Along the way, Boxer crosses paths with various left-wing anarchists, their liaisons, and their enemies as he determines to uncover the truth about his mysterious circumstances. One liason in particular, twins Ronald and Roland Taverner (Seann William Scott), he soon discovers may not only hold the answers to them, but to a conspiracy surrounding Westphalen's corporation and their links to the government, as Armageddon nears.

Receiving plenty of jeers during its premiere at the Cannes Film Festival, Southland Tales has proven to be a bit of a sophomore slump for Richard Kelly. His directorial flair and penchant for moody, dark atmosphere continues to shine here and his intent is nothing if not deeply thoughtful and ambitious.

To his credit, Kelly has plenty of good ideas here in the film's various critiques against war, government corruption, and the burgeoning tabloid media culture. However, the problem isn't so much his ideas, but how much he implements them.

Firstly, his many ideas are too numerous to the point of overreaching and stretch the film's subject matter incredibly thin. As a result, the film lacks a great deal of focus in its vision, way more so than the similarly cryptic Donnie Darko ever did.

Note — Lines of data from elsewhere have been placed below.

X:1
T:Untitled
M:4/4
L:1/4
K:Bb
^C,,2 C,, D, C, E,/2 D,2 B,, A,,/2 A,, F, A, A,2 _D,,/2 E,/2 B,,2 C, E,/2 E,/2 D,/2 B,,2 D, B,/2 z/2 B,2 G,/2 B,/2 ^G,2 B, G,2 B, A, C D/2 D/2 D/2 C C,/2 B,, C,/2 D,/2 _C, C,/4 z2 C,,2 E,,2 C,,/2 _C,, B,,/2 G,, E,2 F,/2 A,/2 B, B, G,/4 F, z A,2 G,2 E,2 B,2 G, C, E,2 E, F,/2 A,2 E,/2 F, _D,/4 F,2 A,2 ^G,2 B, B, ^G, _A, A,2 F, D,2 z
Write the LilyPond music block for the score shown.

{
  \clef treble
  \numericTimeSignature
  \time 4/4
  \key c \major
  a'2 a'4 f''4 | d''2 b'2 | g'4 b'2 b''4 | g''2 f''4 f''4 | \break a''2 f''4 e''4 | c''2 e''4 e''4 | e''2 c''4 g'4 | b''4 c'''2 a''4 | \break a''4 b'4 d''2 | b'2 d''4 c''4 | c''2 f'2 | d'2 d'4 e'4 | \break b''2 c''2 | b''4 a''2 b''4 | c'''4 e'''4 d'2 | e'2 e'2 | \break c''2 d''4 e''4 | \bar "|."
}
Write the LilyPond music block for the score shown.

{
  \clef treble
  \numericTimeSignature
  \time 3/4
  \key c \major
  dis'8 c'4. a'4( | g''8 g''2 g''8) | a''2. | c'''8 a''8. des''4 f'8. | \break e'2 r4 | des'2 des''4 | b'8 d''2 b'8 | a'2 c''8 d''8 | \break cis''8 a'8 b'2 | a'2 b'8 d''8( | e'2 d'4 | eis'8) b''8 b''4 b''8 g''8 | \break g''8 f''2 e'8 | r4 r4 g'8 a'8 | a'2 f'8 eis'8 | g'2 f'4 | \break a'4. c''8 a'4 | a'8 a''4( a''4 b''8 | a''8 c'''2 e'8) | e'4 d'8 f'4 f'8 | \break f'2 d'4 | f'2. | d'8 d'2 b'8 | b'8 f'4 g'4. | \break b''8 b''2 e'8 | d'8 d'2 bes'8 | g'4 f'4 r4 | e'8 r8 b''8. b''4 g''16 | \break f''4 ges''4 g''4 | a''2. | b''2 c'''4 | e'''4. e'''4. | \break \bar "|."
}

Kelly makes matters worse with his bloated ensemble cast of characters, which are too many of perceived importance to follow the film. To top that, his often bizarre casting choices saddle the film with actors of varying degrees of talent from the decent (Johnson, Moore) to the OK (Gellar, Scott, Timberlake) to the downright absurd (all the comic actors, Lambert, Ling, and Rubenstein). This is made even worse by the fact that Kelly shows little ability in getting much out of his varying cast, speaking his

relentlessly abstract pseudo-intellectual drivel.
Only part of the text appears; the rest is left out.